Except for the pictures, retype the records that follow exactly.
- Opening Delimiter -
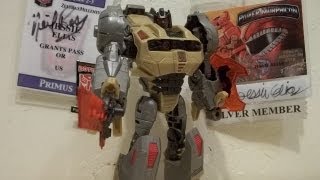 Review: Transformers Generations - FoC Voyager Grimlock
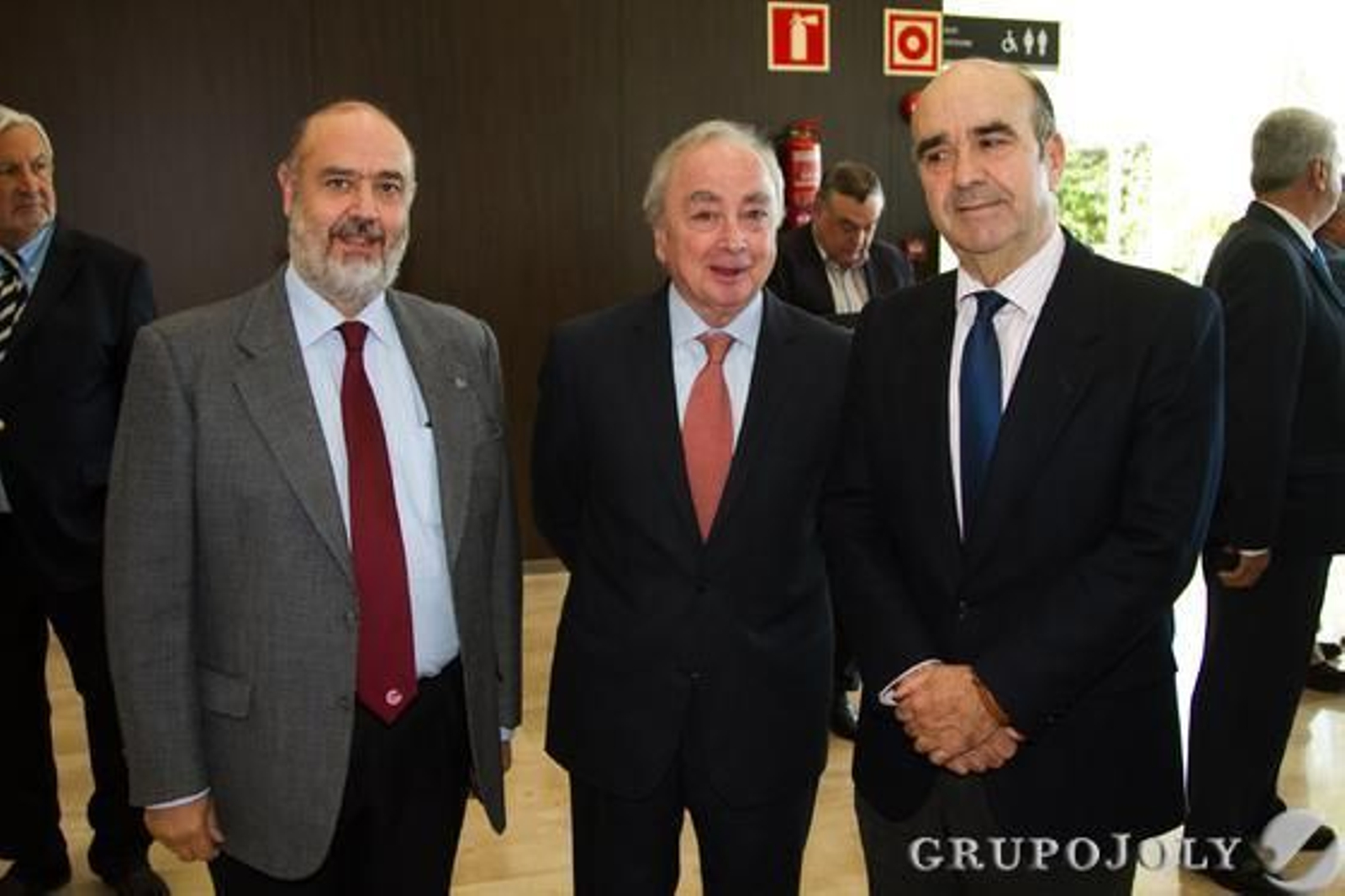 Los ingenieros José Abraham Carrascosa y Francisco Campos flanquean al arquitecto Luis Gómez-Stern.

Foto: Juan Carlos Vázquez/ Victoria Hidalgo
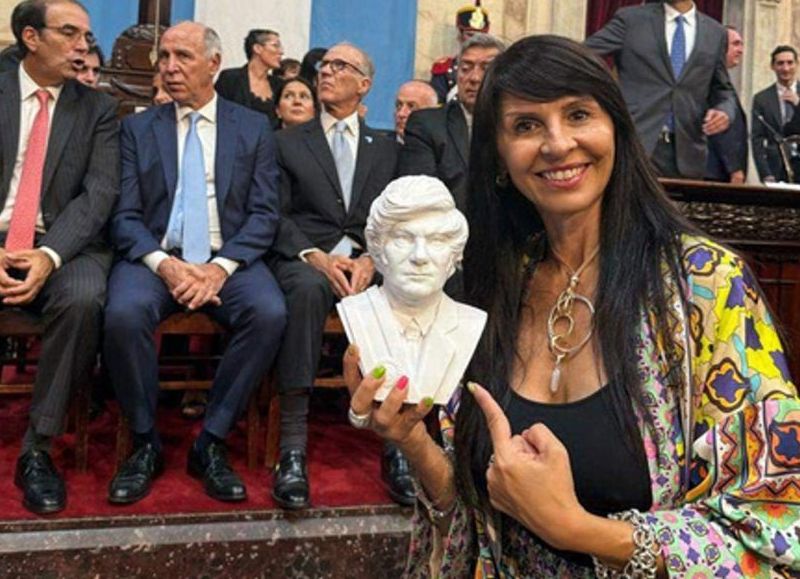 Lorena Villaverde, la candidata libertaria con pasado narco que busca una banca en el Senado
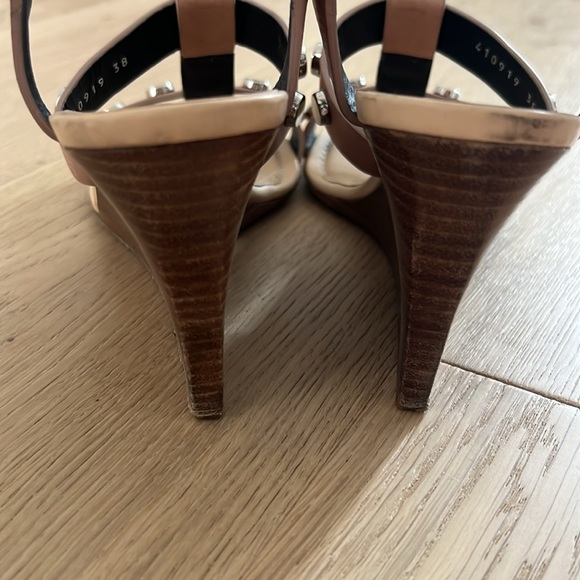 Balenciaga leather studded sandals - Picture 6 of 10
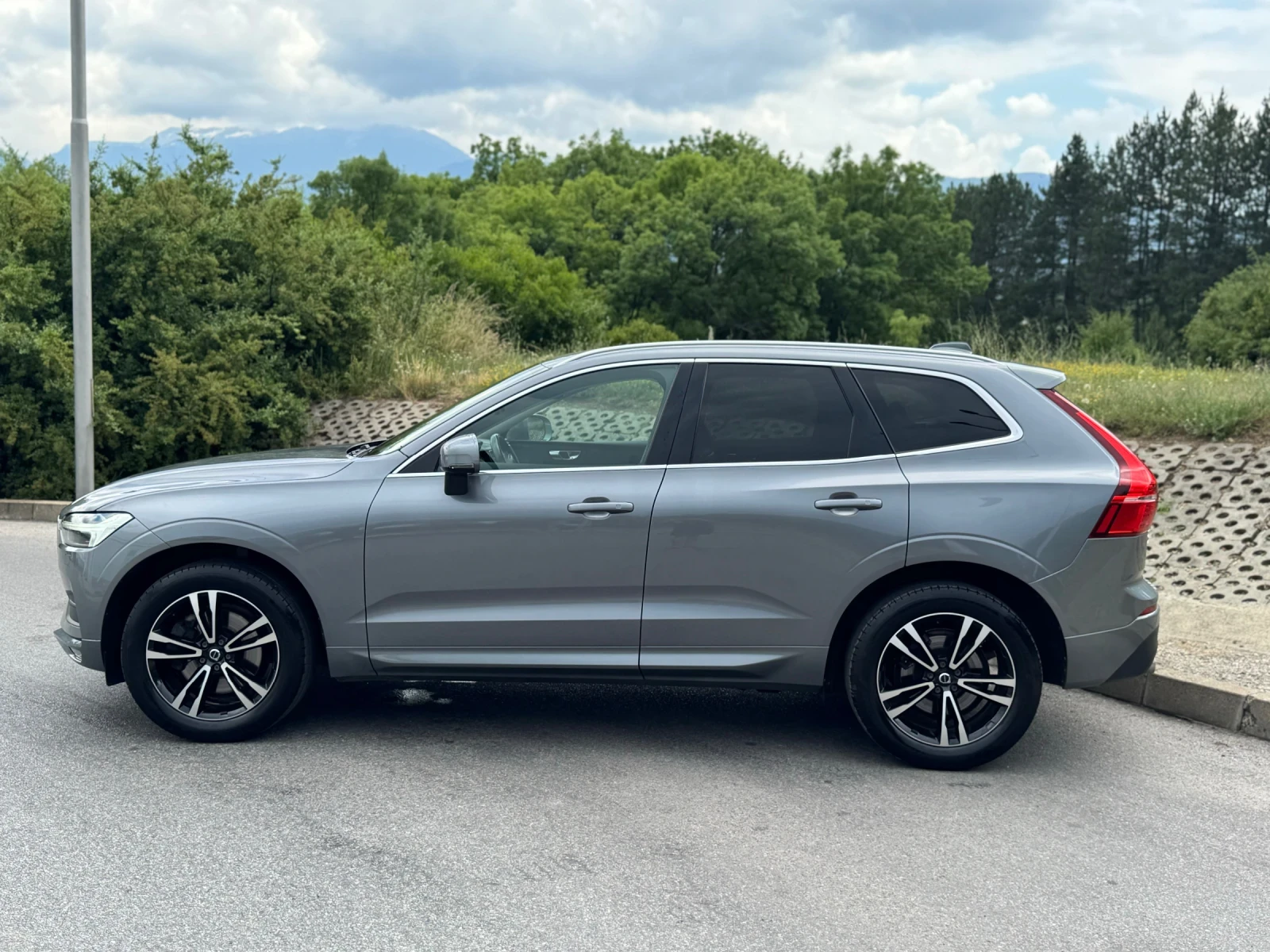 Volvo XC60 2.0D B4 HYBRYD 197/ FACE-LIFT/MOMENTUM PRO/НОВА, снимка 8 - Автомобили и джипове - 55024163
- Closing Delimiter -
RESULT ▸
 Review: Transformers Generations - FoC Voyager Grimlock
 Los ingenieros José Abraham Carrascosa y Francisco Campos flanquean al arquitecto Luis Gómez-Stern.

Foto: Juan Carlos Vázquez/ Victoria Hidalgo
 Lorena Villaverde, la candidata libertaria con pasado narco que busca una banca en el Senado
 Balenciaga leather studded sandals - Picture 6 of 10
 Volvo XC60 2.0D B4 HYBRYD 197/ FACE-LIFT/MOMENTUM PRO/НОВА, снимка 8 - Автомобили и джипове - 55024163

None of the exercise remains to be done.